§ **WORK REQUEST**:
Word for word, retype the first line of the records and every following line through the one containing "Love Live! T-shirt: Sonoda Umi".

§ **DATA LISTING**:
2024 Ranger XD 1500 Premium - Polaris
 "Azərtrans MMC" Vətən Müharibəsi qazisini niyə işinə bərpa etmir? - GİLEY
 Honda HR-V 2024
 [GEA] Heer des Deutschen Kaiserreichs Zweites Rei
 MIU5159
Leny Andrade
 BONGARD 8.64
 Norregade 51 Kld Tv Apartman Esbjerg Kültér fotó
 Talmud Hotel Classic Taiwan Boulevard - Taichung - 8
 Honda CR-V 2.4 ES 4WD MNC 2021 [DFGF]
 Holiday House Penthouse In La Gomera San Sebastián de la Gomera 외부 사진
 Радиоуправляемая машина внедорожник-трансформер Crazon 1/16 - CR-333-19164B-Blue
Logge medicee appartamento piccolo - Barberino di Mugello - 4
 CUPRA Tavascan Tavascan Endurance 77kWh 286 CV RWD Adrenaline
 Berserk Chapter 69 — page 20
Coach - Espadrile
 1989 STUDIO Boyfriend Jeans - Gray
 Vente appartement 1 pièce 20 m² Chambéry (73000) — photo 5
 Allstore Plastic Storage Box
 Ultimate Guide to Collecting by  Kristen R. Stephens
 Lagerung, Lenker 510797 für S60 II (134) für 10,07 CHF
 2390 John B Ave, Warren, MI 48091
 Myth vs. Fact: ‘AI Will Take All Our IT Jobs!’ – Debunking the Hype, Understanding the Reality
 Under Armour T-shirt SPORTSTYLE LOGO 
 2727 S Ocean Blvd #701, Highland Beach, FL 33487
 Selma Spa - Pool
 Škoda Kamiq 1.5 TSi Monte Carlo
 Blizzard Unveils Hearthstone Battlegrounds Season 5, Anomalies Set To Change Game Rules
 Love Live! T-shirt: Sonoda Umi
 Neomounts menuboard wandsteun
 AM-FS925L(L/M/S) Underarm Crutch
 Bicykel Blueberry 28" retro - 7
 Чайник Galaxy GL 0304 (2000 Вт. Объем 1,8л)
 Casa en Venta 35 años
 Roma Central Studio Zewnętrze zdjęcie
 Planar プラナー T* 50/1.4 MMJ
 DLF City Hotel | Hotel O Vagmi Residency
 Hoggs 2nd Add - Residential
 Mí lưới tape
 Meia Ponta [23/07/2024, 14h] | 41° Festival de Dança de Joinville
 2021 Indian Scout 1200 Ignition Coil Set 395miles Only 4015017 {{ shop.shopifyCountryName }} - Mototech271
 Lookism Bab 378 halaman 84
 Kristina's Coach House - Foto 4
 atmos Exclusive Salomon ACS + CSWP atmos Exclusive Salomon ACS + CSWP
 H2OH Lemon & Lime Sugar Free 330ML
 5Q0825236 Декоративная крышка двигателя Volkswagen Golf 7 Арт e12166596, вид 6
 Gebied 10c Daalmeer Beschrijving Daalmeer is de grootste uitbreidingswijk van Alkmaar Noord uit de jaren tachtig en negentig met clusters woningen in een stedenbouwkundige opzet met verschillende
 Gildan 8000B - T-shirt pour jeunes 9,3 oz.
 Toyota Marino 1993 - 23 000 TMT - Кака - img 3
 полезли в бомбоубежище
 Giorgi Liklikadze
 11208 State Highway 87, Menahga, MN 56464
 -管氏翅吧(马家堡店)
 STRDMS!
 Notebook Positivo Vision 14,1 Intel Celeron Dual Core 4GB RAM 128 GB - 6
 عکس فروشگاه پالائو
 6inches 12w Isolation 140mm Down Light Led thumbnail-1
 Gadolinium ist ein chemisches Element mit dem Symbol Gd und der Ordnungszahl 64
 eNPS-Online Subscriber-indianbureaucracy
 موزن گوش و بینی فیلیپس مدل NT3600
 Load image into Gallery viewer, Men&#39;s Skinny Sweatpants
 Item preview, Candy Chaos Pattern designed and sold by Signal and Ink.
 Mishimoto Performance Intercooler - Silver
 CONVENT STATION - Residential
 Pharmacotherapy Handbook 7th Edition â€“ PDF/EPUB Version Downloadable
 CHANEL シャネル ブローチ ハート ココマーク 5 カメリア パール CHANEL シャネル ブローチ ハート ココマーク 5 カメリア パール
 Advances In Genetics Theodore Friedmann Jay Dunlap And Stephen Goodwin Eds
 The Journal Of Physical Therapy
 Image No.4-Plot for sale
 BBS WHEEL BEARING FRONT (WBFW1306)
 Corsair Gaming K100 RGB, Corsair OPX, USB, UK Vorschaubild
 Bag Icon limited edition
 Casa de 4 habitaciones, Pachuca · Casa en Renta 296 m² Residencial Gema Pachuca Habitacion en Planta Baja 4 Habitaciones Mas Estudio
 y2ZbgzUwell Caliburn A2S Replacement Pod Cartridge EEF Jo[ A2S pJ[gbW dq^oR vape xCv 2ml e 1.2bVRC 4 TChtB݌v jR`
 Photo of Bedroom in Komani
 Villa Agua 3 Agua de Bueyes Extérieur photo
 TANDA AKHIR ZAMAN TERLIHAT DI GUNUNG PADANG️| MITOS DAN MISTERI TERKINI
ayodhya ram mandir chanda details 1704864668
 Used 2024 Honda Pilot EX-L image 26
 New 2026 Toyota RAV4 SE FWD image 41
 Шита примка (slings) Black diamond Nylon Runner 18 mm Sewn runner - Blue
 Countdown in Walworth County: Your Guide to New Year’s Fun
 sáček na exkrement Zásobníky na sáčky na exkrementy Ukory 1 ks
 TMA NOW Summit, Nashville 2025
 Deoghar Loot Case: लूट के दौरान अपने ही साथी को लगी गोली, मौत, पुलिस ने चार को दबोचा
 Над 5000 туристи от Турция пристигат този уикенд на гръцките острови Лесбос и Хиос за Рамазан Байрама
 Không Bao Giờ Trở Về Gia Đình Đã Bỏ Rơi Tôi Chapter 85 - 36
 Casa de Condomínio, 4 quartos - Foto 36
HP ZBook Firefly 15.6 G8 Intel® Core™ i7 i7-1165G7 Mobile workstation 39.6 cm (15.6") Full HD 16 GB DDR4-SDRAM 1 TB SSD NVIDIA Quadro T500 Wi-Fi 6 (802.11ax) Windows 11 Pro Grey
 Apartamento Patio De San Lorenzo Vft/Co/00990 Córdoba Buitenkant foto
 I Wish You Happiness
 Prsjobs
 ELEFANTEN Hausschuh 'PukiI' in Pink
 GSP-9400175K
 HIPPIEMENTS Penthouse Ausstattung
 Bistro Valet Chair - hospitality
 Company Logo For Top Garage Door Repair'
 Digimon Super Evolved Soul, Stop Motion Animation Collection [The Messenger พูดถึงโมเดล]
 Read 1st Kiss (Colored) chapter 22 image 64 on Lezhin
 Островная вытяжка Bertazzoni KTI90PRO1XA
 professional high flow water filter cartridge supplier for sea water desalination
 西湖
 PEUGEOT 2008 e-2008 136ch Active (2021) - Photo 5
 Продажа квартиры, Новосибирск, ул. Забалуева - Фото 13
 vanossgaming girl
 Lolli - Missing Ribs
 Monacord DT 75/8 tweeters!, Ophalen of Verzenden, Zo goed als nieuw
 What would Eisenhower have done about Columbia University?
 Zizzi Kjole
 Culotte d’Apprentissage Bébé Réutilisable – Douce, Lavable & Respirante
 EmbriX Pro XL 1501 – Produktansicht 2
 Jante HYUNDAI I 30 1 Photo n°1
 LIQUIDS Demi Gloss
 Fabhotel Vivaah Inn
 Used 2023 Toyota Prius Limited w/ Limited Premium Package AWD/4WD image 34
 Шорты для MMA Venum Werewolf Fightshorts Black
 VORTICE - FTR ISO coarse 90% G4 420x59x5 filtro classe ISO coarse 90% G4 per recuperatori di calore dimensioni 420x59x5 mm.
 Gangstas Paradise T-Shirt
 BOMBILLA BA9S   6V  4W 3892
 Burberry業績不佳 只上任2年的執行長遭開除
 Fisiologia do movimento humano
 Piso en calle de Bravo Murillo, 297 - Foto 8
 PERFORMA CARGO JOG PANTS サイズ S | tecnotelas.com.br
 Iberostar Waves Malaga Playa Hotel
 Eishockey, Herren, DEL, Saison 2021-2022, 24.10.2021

§ **RESPONSE TO THE EXERCISE**:
2024 Ranger XD 1500 Premium - Polaris
 "Azərtrans MMC" Vətən Müharibəsi qazisini niyə işinə bərpa etmir? - GİLEY
 Honda HR-V 2024
 [GEA] Heer des Deutschen Kaiserreichs Zweites Rei
 MIU5159
Leny Andrade
 BONGARD 8.64
 Norregade 51 Kld Tv Apartman Esbjerg Kültér fotó
 Talmud Hotel Classic Taiwan Boulevard - Taichung - 8
 Honda CR-V 2.4 ES 4WD MNC 2021 [DFGF]
 Holiday House Penthouse In La Gomera San Sebastián de la Gomera 외부 사진
 Радиоуправляемая машина внедорожник-трансформер Crazon 1/16 - CR-333-19164B-Blue
Logge medicee appartamento piccolo - Barberino di Mugello - 4
 CUPRA Tavascan Tavascan Endurance 77kWh 286 CV RWD Adrenaline
 Berserk Chapter 69 — page 20
Coach - Espadrile
 1989 STUDIO Boyfriend Jeans - Gray
 Vente appartement 1 pièce 20 m² Chambéry (73000) — photo 5
 Allstore Plastic Storage Box
 Ultimate Guide to Collecting by  Kristen R. Stephens
 Lagerung, Lenker 510797 für S60 II (134) für 10,07 CHF
 2390 John B Ave, Warren, MI 48091
 Myth vs. Fact: ‘AI Will Take All Our IT Jobs!’ – Debunking the Hype, Understanding the Reality
 Under Armour T-shirt SPORTSTYLE LOGO 
 2727 S Ocean Blvd #701, Highland Beach, FL 33487
 Selma Spa - Pool
 Škoda Kamiq 1.5 TSi Monte Carlo
 Blizzard Unveils Hearthstone Battlegrounds Season 5, Anomalies Set To Change Game Rules
 Love Live! T-shirt: Sonoda Umi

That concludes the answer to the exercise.